Now, in Utah, Martha stood in a snowstorm on the train platform, waiting for her husband. He never came. Finally, a stranger in a buggy took her to Fourth South and pointed the way toward the Arabic community. She walked through the freezing snow, lost, until she happened upon an old friend from Lebanon. Martha's husband, the friend told her, had gone to Portland to find work.

When the two were finally reunited, Martha and Bolos opened a grocery story on Second South in Salt Lake City and became part of a close-knit Lebanese immigrant community.

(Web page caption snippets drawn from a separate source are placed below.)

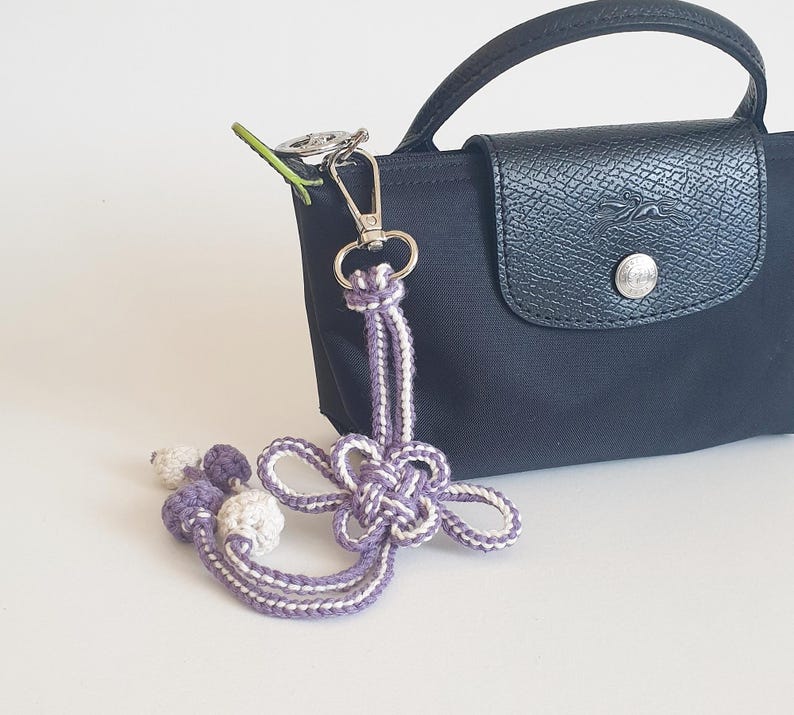 Handmade lavender Korean knot bag charm attached to navy handbag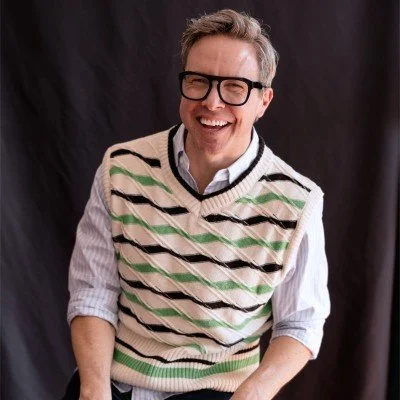 A smiling man wearing glasses, a striped sweater vest over a button-down shirt, against a dark background.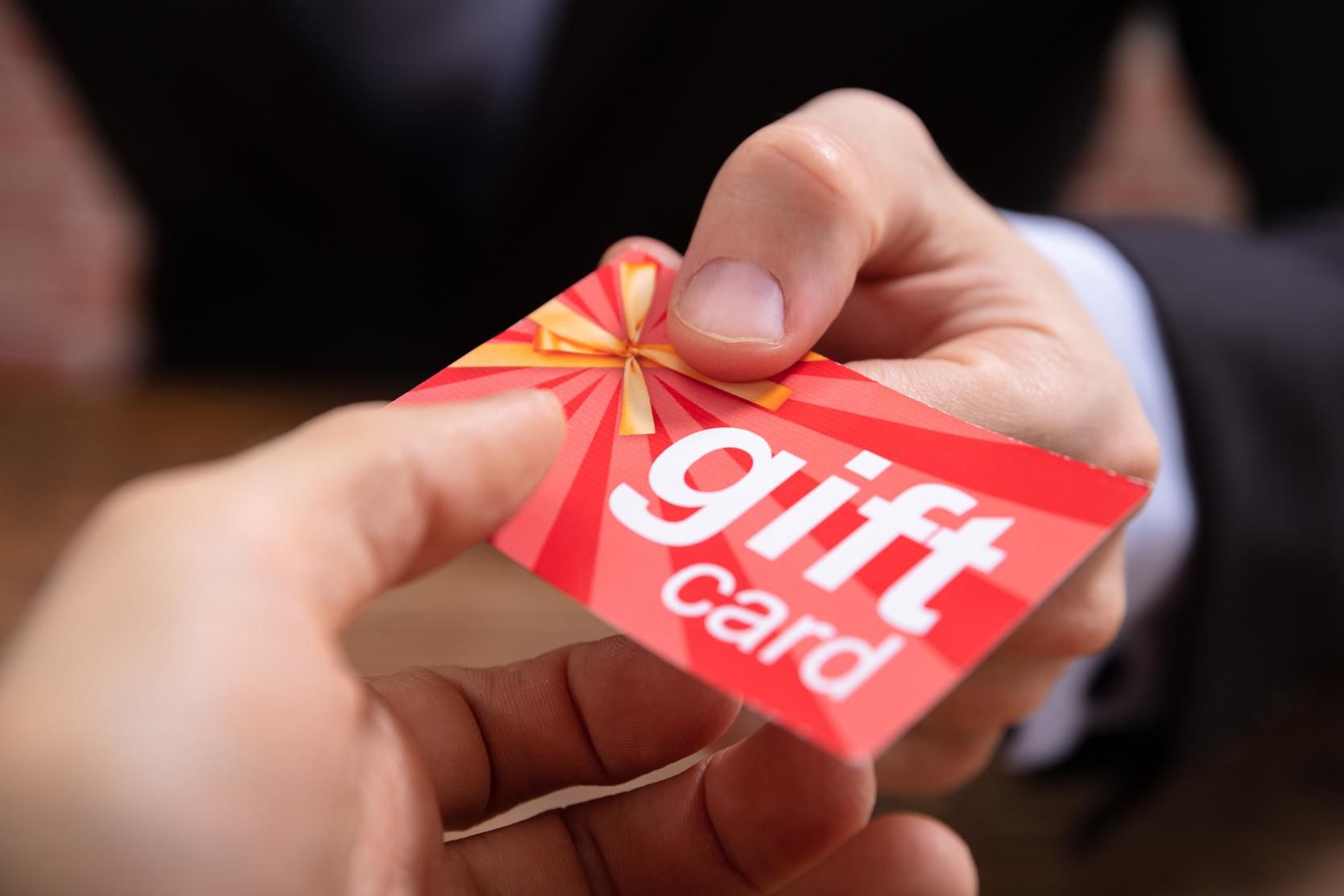 Gift card held in hand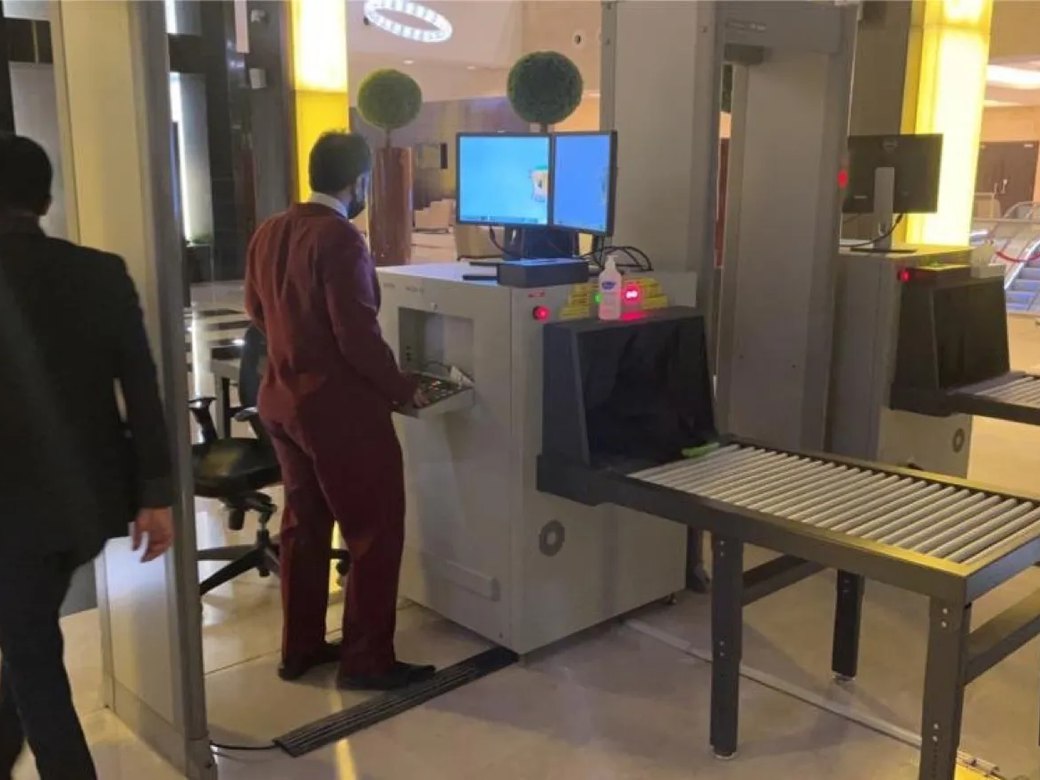 Security screening checkpoint at a facility entrance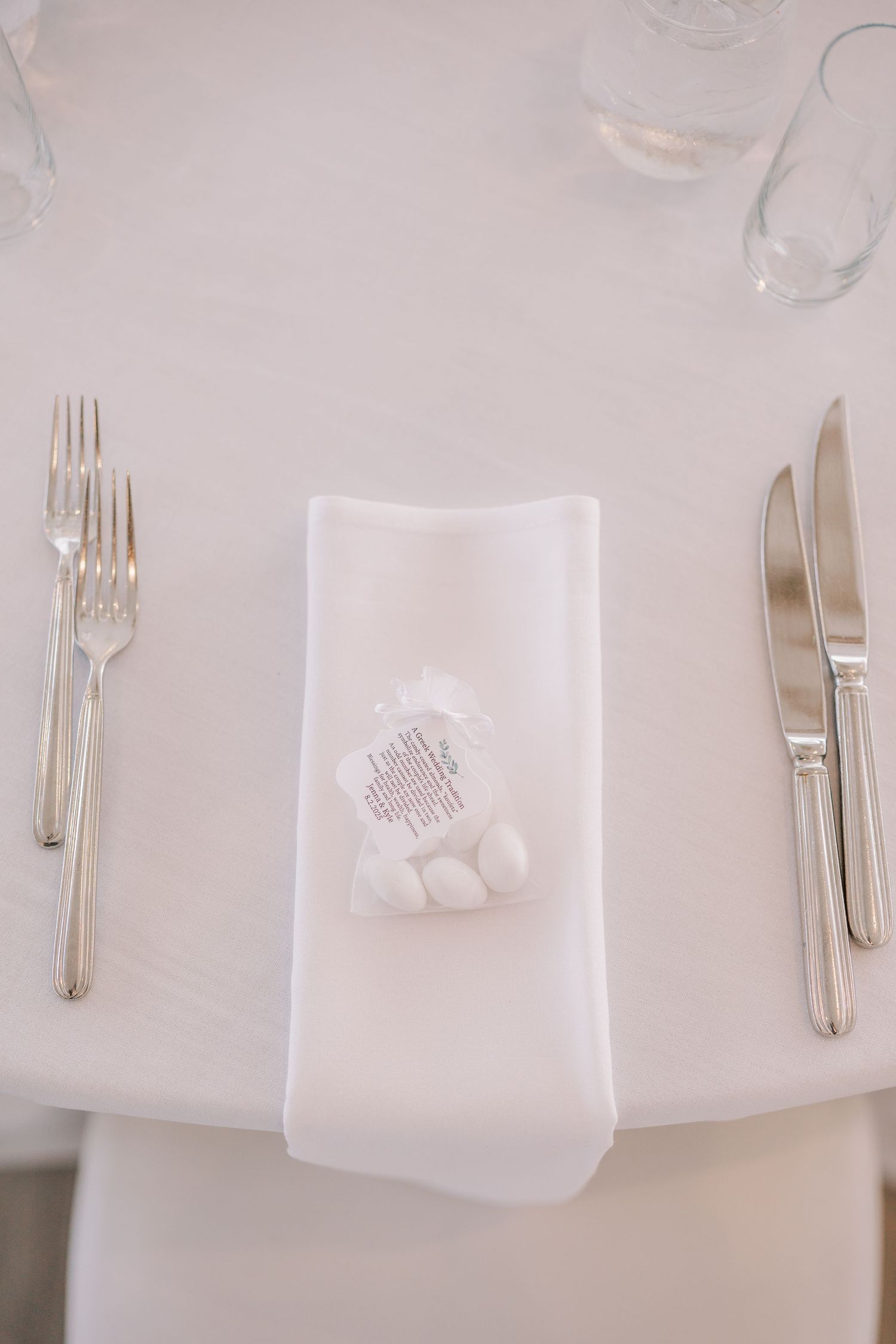 Elegant white table setting with folded napkin, silverware and small decorative favor at an upscale event.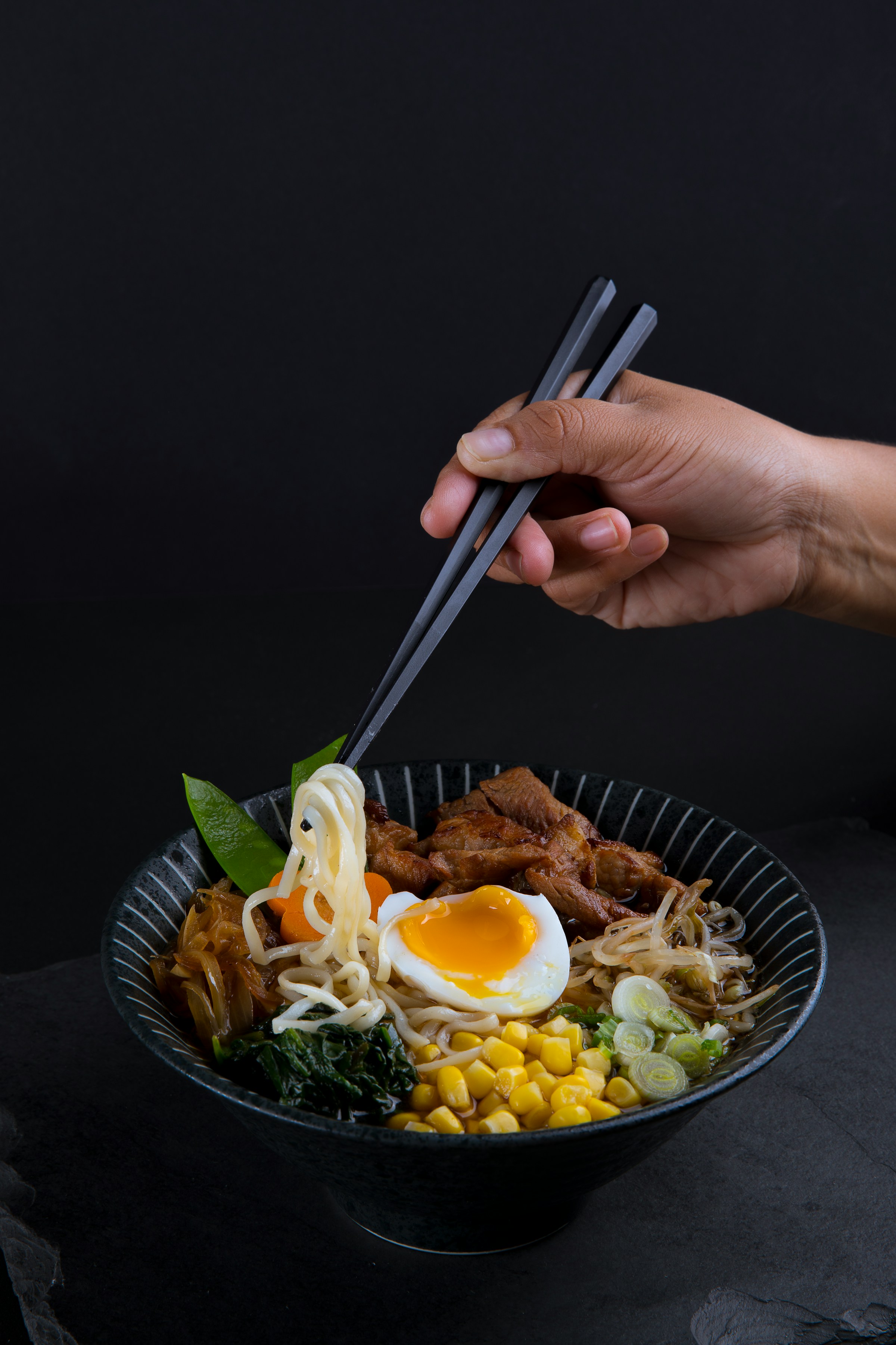 Ramen noodles lifted from the bowl with chopsticks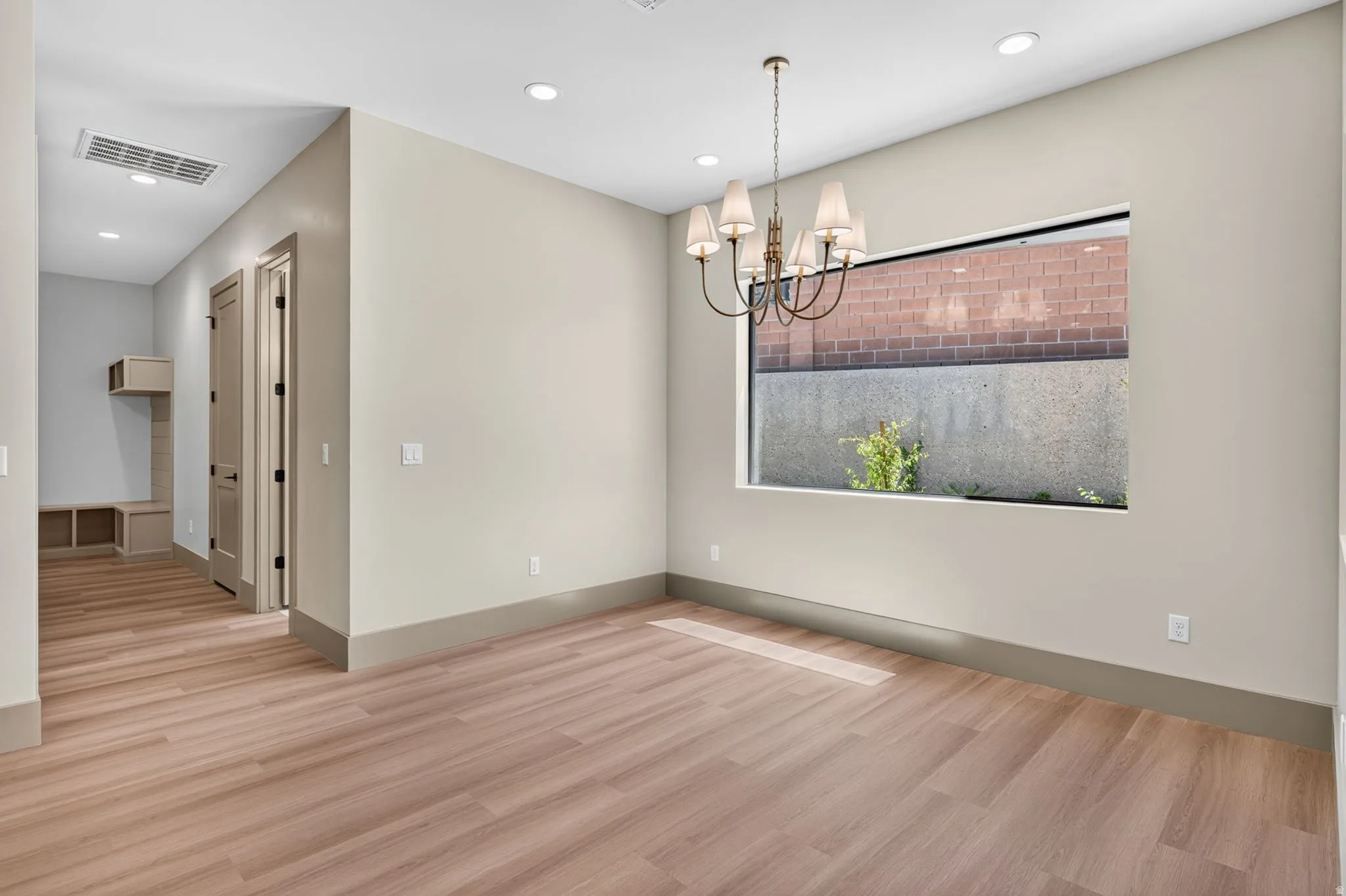 Wood-finish flooring throughout, recessed ceiling lighting, brass chandelier with sconces, horizontal window, and built-in entry shelving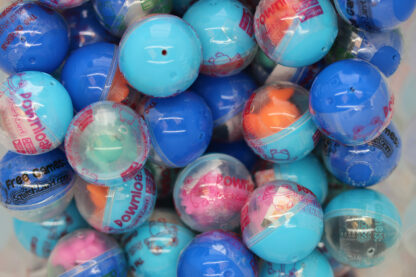 A pile of blue and orange balls in plastic.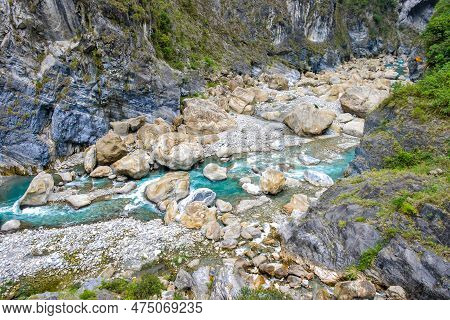 Scenic View Of Swallow Grotto Yanzikou Trail With Narrow Turquoise Liwu River Gorge And High Mountai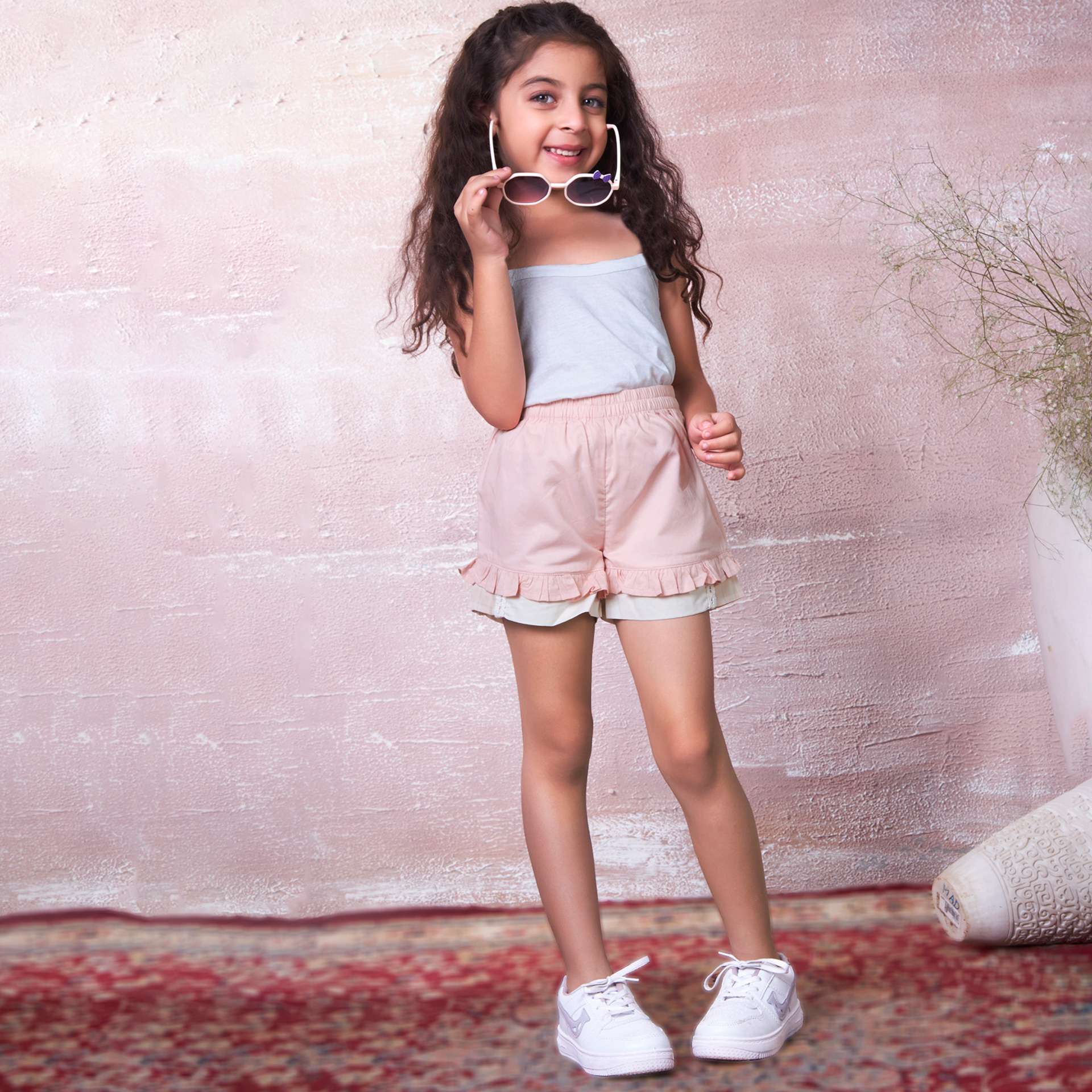 A little girl in cotton peach shorts, designed with a delicate touch of lace trims and hand embroidery on the pocket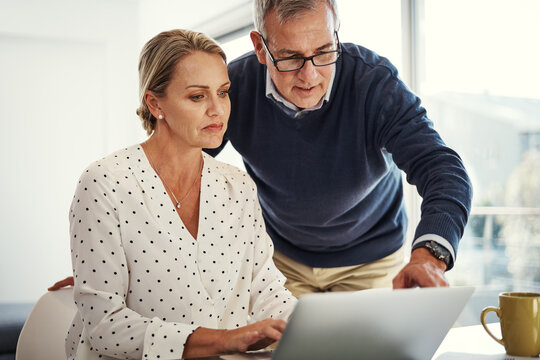Conversation, laptop and planning with couple in home together for budget or financial review. Computer, finance or wealth management with man and woman in apartment for insurance or tax discussion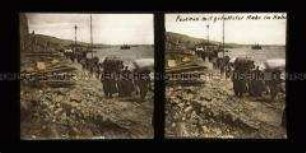 Personengruppe mit geretteter Habe am Hafen, Messina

The Sharouks were part of a great wave of immigrants who came to work and live in this country during the early 20th century.  But immigration was controversial then as now.  Many Americans feared  the different cultures – and faces – of the immigrants.  So, during the 1920s, Congress passed laws severely limiting the numbers of Asians and Eastern and Southern Europeans who could enter the country by imposing literacy tests and convoluted quotas based on national origin. 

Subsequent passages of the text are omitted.